■ Task prompt ■
Return the line containing "Before & After" and every line beneath it through the end of the entries below, unchanged. Pictures stay out.

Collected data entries
#####

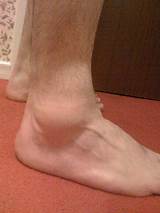 Pictures of How To Speed Up Ankle Sprain Recovery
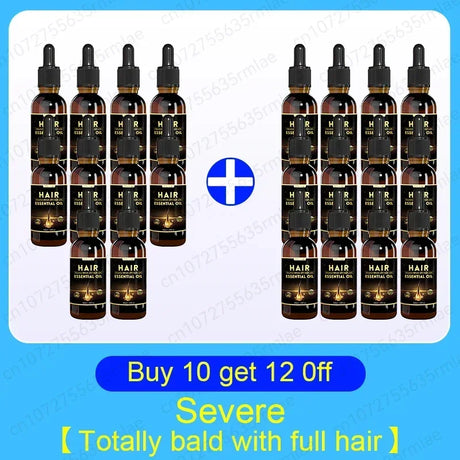 Best-Selling Hair Growth Products, Anti-Hair Loss Hair Growth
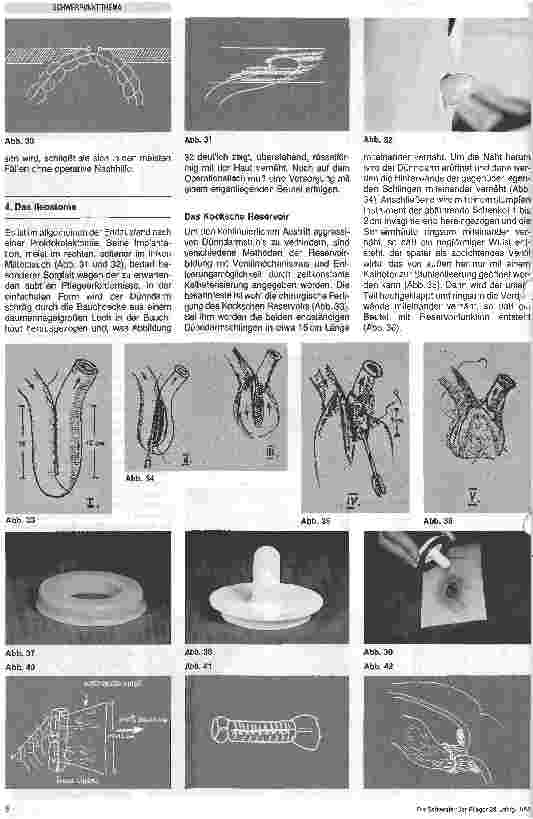 Vorschauseite 5: Stomaversorgung/Das Stoma/Indikationen, Methoden, Arten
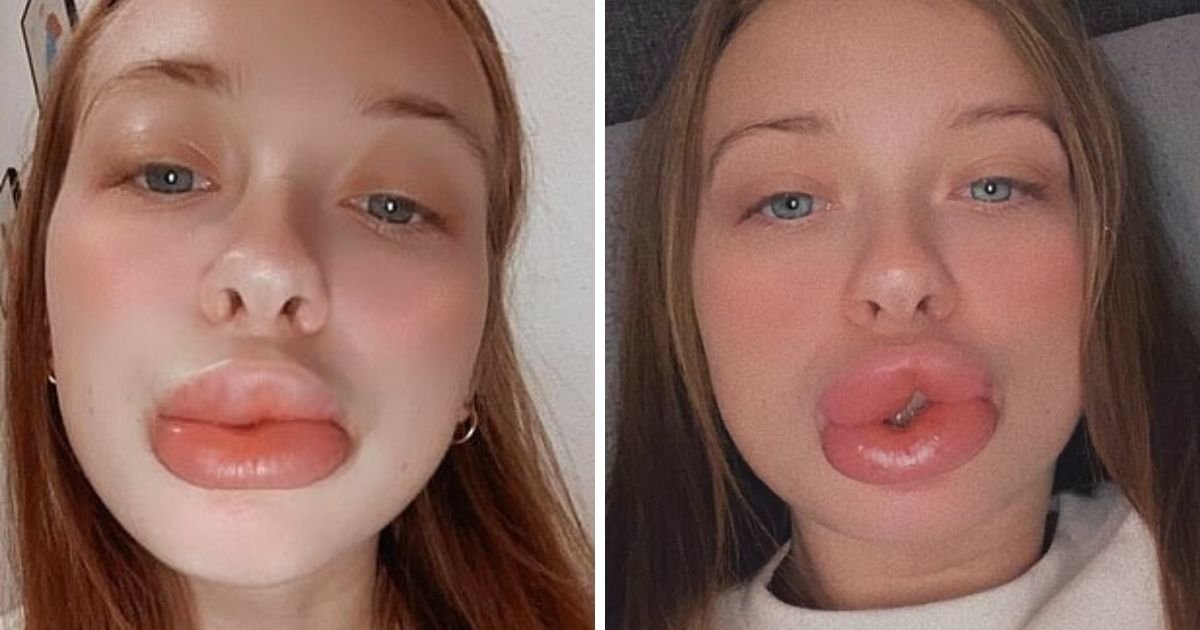 untitled design 23.jpg?resize=1200,630 - Mother Left With 'Massive' Lips 3x The Normal Size After Getting Cheap Filler Treatment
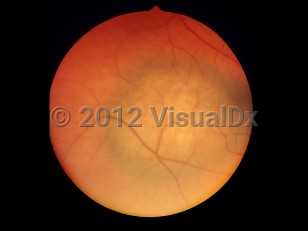 Clinical image of Choroidal melanoma - imageId=6207061. Click to open in gallery. 
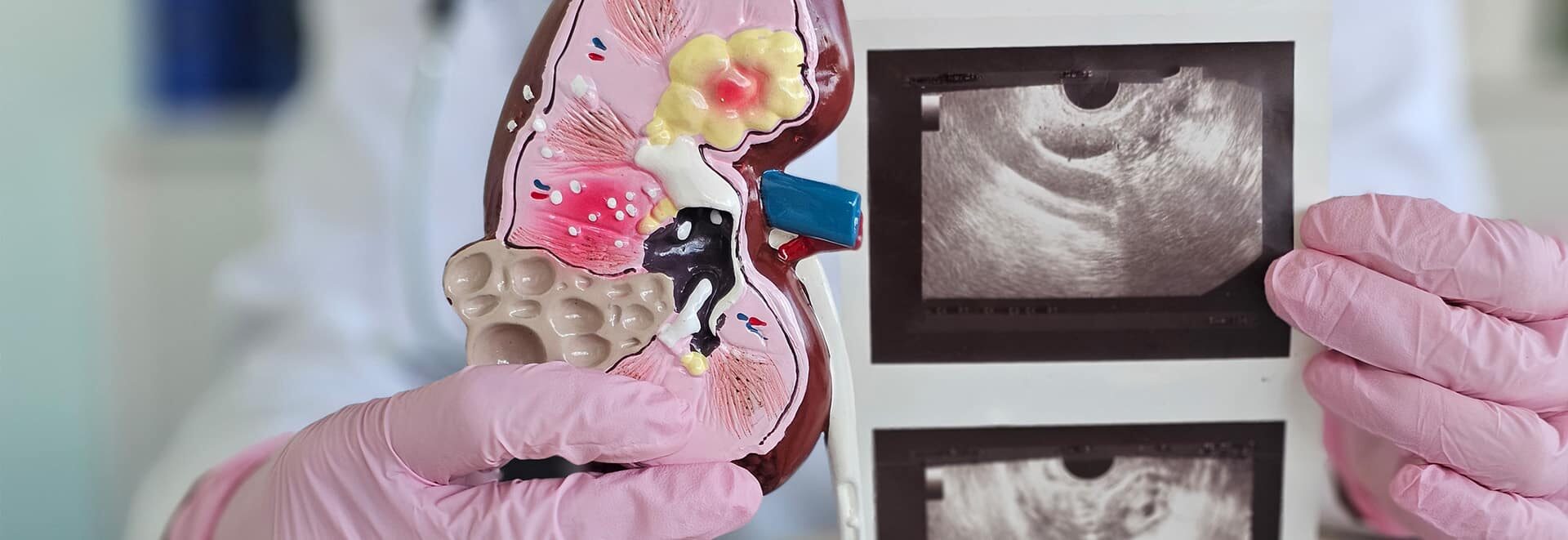 Urología en la Eliana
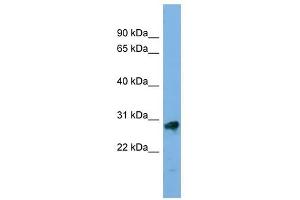 KLK13 antibody used at 1 ug/ml to detect target protein.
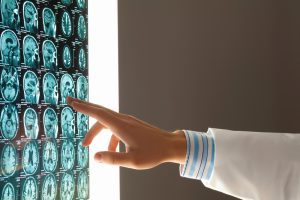 Neurofeedback for Concussions: A Path to Healing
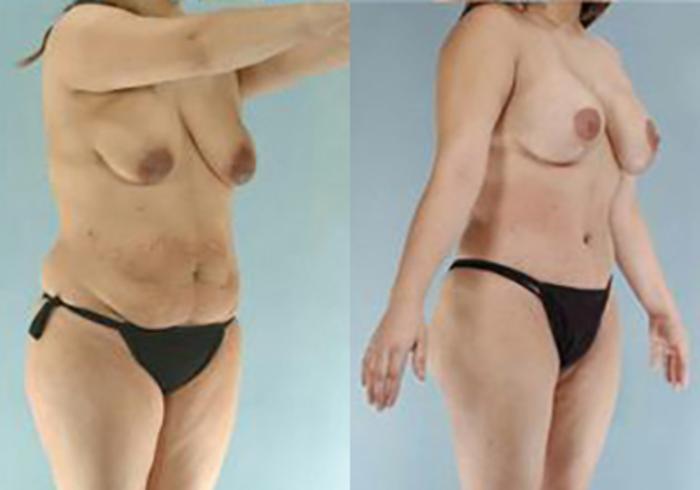 Before & After Mommy Makeover Case 104 View 2 View in Houston, TX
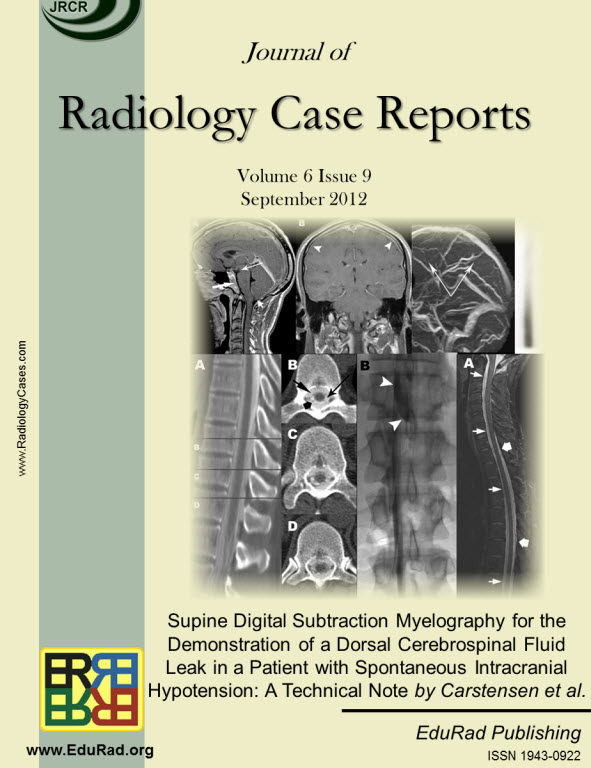 Journal of Radiology Case Reports September 2012 issue - Supine Digital Subtraction Myelography for the Demonstration of a Dorsal Cerebrospinal Fluid Leak in a Patient with Spontaneous Intracranial Hypotension: A Technical Note by Carstensen et al.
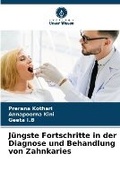 Cover: Juengste Fortschritte in der Diagnose und Behandlung von Zahnkaries - International Book Market Service Ltd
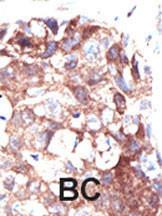 Anti-UBQLN1 Rabbit Polyclonal Antibody (Biotin)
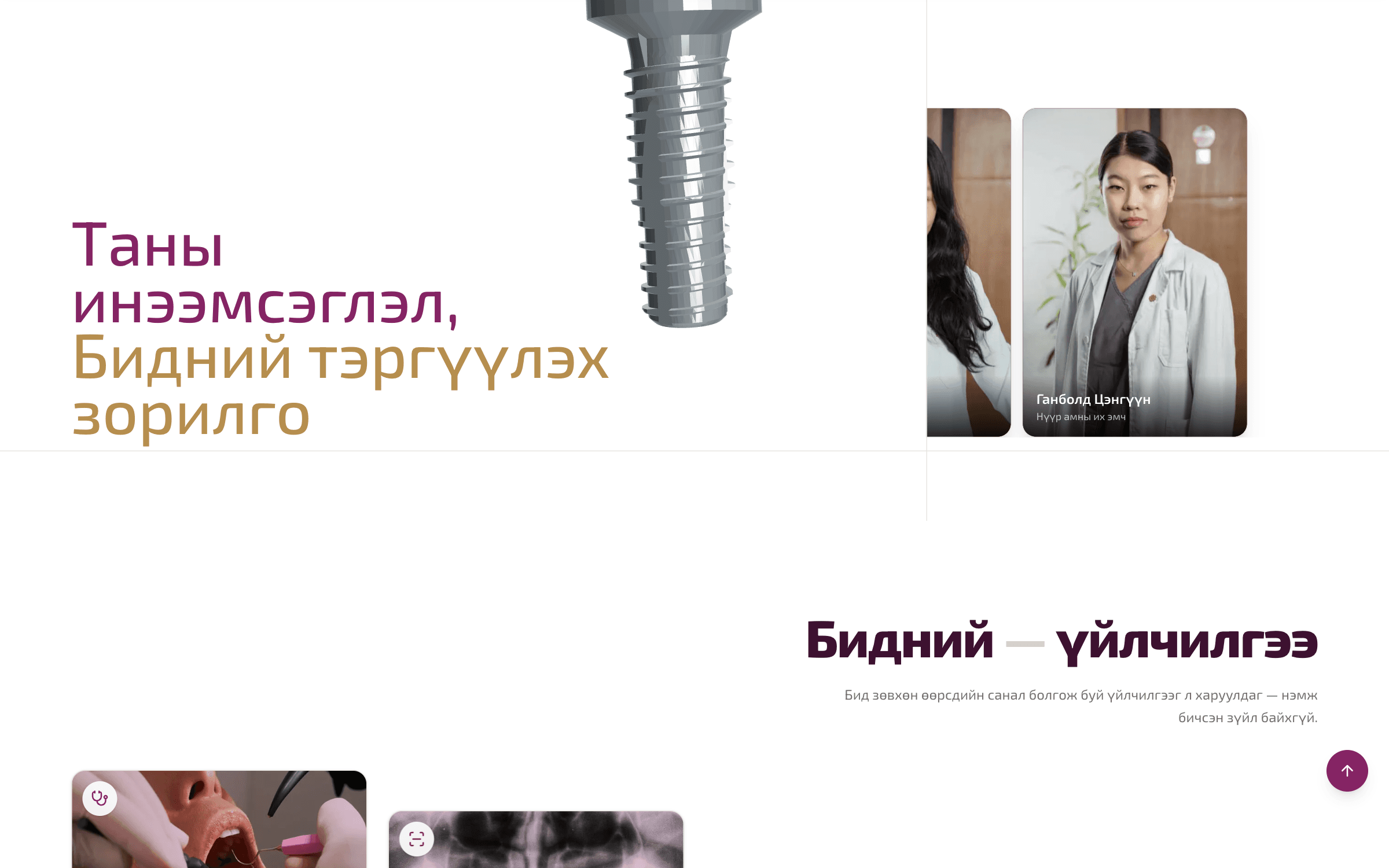 Саян Дент preview 2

#####

■ Exercise answer ■
 Before & After Mommy Makeover Case 104 View 2 View in Houston, TX
 Journal of Radiology Case Reports September 2012 issue - Supine Digital Subtraction Myelography for the Demonstration of a Dorsal Cerebrospinal Fluid Leak in a Patient with Spontaneous Intracranial Hypotension: A Technical Note by Carstensen et al.
 Cover: Juengste Fortschritte in der Diagnose und Behandlung von Zahnkaries - International Book Market Service Ltd
 Anti-UBQLN1 Rabbit Polyclonal Antibody (Biotin)
 Саян Дент preview 2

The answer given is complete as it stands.